Napoli PizzaThere has been very little dining with monkeys, at least in public, since breaking my leg on December 9th thanks to an endless stream of dinners delivered by derby girls. During the Christmas break, however, I did gather the strength to go to Charlotte's Web with Warren and the monkeys (Satchel, 4, and Jiro, 2). The plan was to see the movie about the adorable pig and then immediately go eat BBQ.
150 Peabody Place
150 Peabody Place
The fact that the Muvico website misquoted the start of the movie by 20 minutes combined with the smell of New York style pizza wafting through the mall led us to Napoli's Pizza. There were a lot of kids dining at Napoli's, but more interesting, I noticed a lot of other invalids. A tween in a pink and black striped cast sped past me on her crutches prompting Warren to say, "Why can't you go fast like her?" Before I could give him a dirty look, I noticed a elderly woman with a walker about to pass me on the left. I picked up the pace and waved Warren and the monkeys off. Technically everyone but me ate before leaving the house, so Warren walked the monkeys around the perimeter while I waited in line.
I love eating New York style pizza in malls. It reminds me of the 80s when my sister and I would spend the weekend hanging around the Mall of Memphis. Without fail, I always ate at Sbarro. I've never met a pizza I didn't like, but once I saw the enormity of a single slice of New York style pizza, I was in love. I've noticed that over the years, the slices seem to have gotten a bit smaller, but maybe I've just gotten bigger.

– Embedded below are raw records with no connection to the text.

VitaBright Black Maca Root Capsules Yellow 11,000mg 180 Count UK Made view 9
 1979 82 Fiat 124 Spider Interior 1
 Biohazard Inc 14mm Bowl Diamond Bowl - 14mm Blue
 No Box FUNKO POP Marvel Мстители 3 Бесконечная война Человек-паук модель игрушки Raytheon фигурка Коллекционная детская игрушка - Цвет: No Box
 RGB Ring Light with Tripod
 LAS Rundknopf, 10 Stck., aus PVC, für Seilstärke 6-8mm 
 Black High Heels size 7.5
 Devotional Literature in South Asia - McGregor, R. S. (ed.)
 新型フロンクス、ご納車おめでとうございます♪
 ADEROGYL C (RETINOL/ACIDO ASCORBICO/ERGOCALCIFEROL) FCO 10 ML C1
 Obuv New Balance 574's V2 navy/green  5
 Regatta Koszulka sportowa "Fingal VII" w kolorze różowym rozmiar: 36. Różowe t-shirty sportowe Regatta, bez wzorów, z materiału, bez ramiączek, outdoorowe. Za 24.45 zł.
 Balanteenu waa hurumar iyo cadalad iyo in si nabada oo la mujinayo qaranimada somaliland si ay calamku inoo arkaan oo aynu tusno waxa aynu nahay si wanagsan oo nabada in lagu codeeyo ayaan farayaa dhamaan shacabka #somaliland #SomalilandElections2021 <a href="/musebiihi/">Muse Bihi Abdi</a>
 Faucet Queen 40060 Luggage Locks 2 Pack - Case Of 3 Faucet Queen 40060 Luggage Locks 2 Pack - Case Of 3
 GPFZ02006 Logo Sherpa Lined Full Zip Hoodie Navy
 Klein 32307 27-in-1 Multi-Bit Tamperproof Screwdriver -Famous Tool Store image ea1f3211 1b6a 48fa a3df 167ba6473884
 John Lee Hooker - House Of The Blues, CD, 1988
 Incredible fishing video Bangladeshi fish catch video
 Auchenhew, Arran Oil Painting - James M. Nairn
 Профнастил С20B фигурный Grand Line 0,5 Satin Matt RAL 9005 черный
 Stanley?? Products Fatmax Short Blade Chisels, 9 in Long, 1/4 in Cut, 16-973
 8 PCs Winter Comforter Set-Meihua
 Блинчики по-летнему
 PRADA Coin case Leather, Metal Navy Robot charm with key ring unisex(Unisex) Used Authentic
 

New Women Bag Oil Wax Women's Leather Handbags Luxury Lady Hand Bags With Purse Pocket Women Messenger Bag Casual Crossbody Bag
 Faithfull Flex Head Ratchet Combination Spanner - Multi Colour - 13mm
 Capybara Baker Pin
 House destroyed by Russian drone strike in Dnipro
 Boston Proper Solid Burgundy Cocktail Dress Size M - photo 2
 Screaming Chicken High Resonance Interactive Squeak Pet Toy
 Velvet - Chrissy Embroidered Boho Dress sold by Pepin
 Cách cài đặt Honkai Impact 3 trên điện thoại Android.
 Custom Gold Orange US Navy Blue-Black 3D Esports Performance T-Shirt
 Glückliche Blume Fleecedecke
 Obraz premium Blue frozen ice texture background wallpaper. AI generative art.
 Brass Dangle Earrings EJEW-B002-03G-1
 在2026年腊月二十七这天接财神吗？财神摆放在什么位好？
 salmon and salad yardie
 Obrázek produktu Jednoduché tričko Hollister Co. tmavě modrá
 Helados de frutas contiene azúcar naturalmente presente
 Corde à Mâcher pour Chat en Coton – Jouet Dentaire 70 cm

Napoli's has nice big slices to choose from. I went with a slice of pepperoni and a drink which set me back about $4.50. Mr. Napoli threw my slice in the oven to heat up and I very methodically managed to make myself a fountain drink and get it to the closest booth without spilling it. As I propped by bad leg up and waited for my slice I wondered how I was going to transport my tray to the table. I really did not want to accidentally drop my pizza on the floor. (All of the other invalids smartly had their friends and/or family stay and dine with them.)
When my order was ready I made eye contact with Mr. Napoli #2 and he rushed it over to me. Unfortunately when he arrived at my table I realized that he had a yummy looking bowl of pasta in his hand rather than my slice of pizza. "Oh, sorry," I said. "I had a slice of pepperoni."
Mr. Napoli #1 then held up my slice from behind the counter. Before Mr. Napoli #2 could get it, the elderly woman's daughter hopped out of the booth next to me and got it for me. "I've been there before," she said sympathetically, motioning to my crutches. I smiled and thanked her before politely tearing into my piping hot slice of pie.
I intended to save some of my pizza for the monkeys who would inevitably join me at the booth, but before I knew it, it was gone. When Warren and the monkeys arrived, Satchel immediately said, "I want some pizza!" Warren looked at his watch wondering if we'd have time.
"Get a slice of cheese," I said, "but tell them not to heat it up."
He did just that and I cut the slice in half with a plastic knife. I put half on a plate for Satchel and half on a plate for Jiro. Once I convinced Satchel that my used plate was not contaminated and that it was okay to put his half on it, he dug in. Jiro immediately started eating his and didn't make a peep until three minutes later when it was all gone, save a few bites of crust.
"I'm thirsty!" declared Satchel.
"Me too," said Jiro.
Warren took the last few sips of my Diet Coke and refilled the cup with lemonade for the boys. As they took turns gulping it down, Warren ate the last few bites of Satchel's pizza and Jiro's crust.
So technically we all had a little pizza and a drink for about $8.00. The pizza was delicious. The service was fast and friendly and the environment was very conducive to both monkeys and invalids. And if that weren't enough, Napoli's sells an array of candy bars at decent prices that can be smuggled into the Muvico.